The good Muslims of Kano see their situation as “dynamic.” For these people, once the state is Muslim, and the culture Islamic, there can never be a crisis; the world is whole. This sets them apart from the rest of Nigeria, which lives in a perpetual state of crisis.
T
HE HOTEL
had an unusual number of black-and-white signs, perhaps done on a computer, asking guests not to take away the hotel fittings.
Some friendly local intellectuals in white gowns came to see me after dinner, and we talked by electric light in the sandy garden, away from the parked cars, between the hotel proper and the hotel’s “Calypso” restaurant. We fought off mosquitoes and sand-flies while we talked.
One man, a former Fulbright scholar, taught literature at the university. A man in a red fez did media, and worked for the government. A third man, modest and attractive, said he was “a tiny writer” in English.
They were all proud men of the north, and they had done much thinking about their identity in the mish-mash of Nigeria. They didn’t
appear at first to see the Kano the visitor saw. They saw growth and dynamism. Kano, they said, was an ancient trading centre and it still held its place, although the trans-Sahara trade had gone down.
Later, not understanding that they were saying something different, they said that Kano was conservative, and the challenge to it came now from education. There were two kinds of education. One was Western; the literature-teacher said he was part of that. And there was the traditional koranic system. This made people literate in Arabic, and sent them out into the “informal” network. That was a formal academic way of saying that the koranic system sent them out to shine shoes, to drive
okada
motorcycles, to hawk things in the street, and generally to do “low” work which kept them at a subsistence level. The koranic way, in fact, made the streets of Kano what they were.
This couldn’t have been an easy thing for these proud Islamic men to live with, but their heads were full of the problem of identity as reflected in language, and they let it pass.
The literature-teacher said they were inward-looking people. They wrote in Hausa, a language of the north; they had very few English writers. He said, “We want to look out, but all these writers write in Hausa.”
The man in the fez, the media man, said, “We need new ideas.”

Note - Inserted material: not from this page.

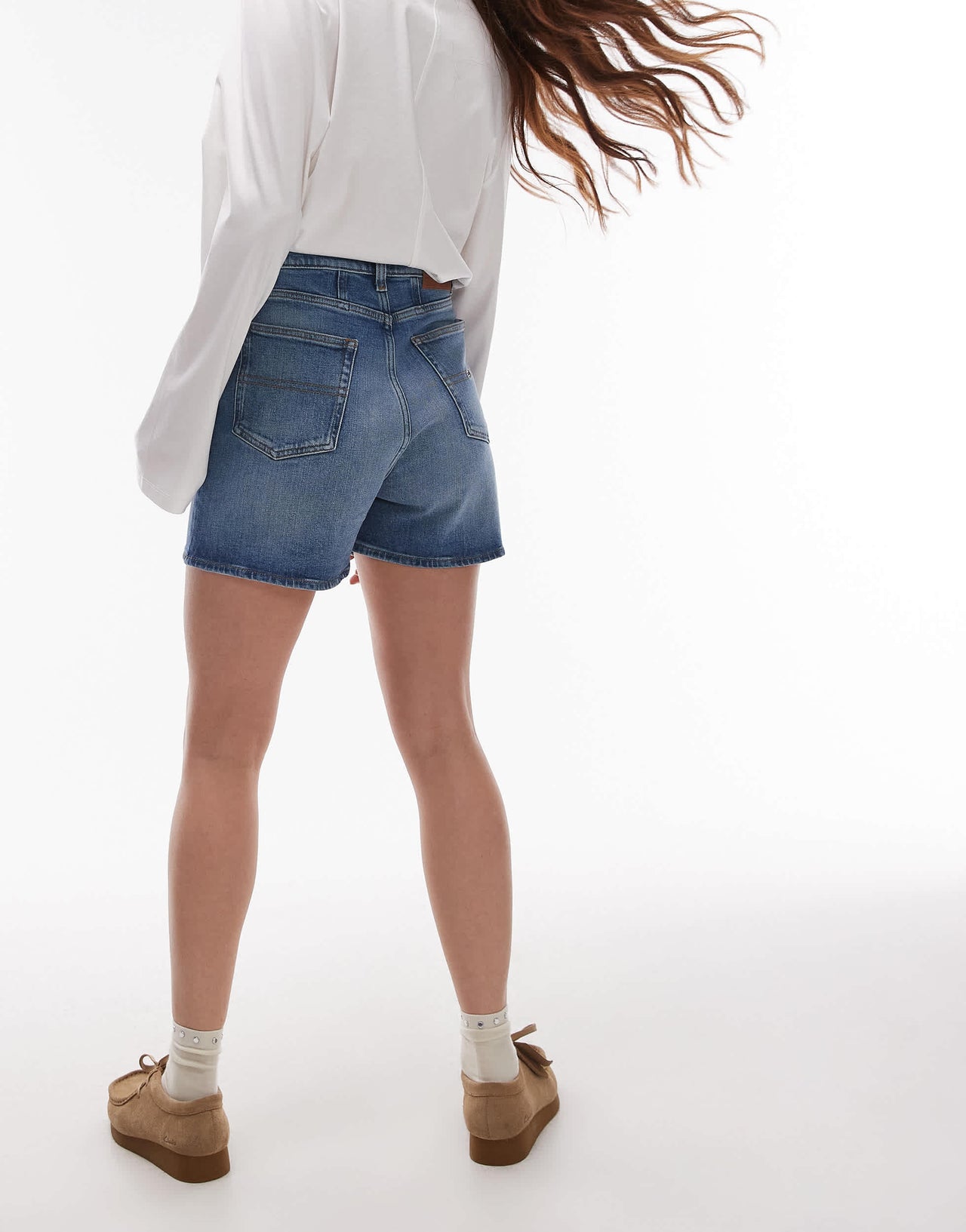 Tommy Jeans mom denim shorts in mid wash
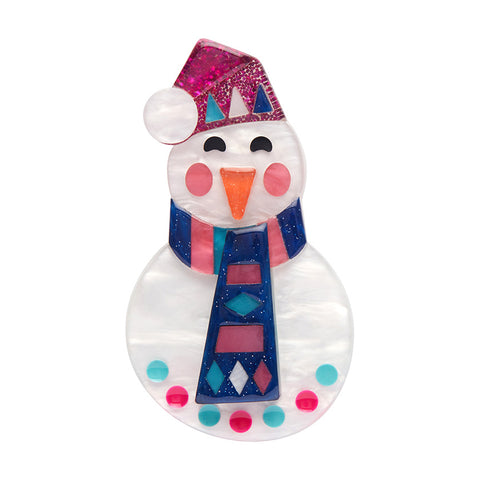 Stay Frosty, Snowman Brooch - Erstwilder Modern Holiday (Last Available)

The man who said he was a “tiny writer in English” said, “Kano is a strange place. I look at people who are happy one minute and very unhappy the next. All right and then angry by turns. I look at them because they are my characters, and I want to understand them.” He couldn’t say why they are angry. “They are not vocal. I don’t know why they are so alienated. I feel their anger even though we are an urbane and commercial centre.”